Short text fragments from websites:
--

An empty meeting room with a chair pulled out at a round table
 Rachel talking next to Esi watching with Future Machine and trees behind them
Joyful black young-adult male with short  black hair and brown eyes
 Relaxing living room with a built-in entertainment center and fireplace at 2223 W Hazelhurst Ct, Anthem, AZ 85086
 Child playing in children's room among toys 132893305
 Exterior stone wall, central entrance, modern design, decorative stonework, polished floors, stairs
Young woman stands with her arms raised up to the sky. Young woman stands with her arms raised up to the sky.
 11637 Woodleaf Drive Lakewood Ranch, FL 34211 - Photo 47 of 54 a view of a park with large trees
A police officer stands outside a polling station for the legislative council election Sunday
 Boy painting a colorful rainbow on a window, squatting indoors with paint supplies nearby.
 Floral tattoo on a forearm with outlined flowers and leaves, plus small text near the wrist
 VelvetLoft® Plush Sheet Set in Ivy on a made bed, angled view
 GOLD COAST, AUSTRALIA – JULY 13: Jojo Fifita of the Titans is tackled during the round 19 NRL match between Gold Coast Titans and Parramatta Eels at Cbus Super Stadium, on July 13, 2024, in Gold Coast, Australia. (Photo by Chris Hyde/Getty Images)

--

▶ _Your instructions_: Scan the data above and copy each line containing the word "with".

▶ _Solution_:
An empty meeting room with a chair pulled out at a round table
 Rachel talking next to Esi watching with Future Machine and trees behind them
Joyful black young-adult male with short  black hair and brown eyes
 Relaxing living room with a built-in entertainment center and fireplace at 2223 W Hazelhurst Ct, Anthem, AZ 85086
Young woman stands with her arms raised up to the sky. Young woman stands with her arms raised up to the sky.
 11637 Woodleaf Drive Lakewood Ranch, FL 34211 - Photo 47 of 54 a view of a park with large trees
 Boy painting a colorful rainbow on a window, squatting indoors with paint supplies nearby.
 Floral tattoo on a forearm with outlined flowers and leaves, plus small text near the wrist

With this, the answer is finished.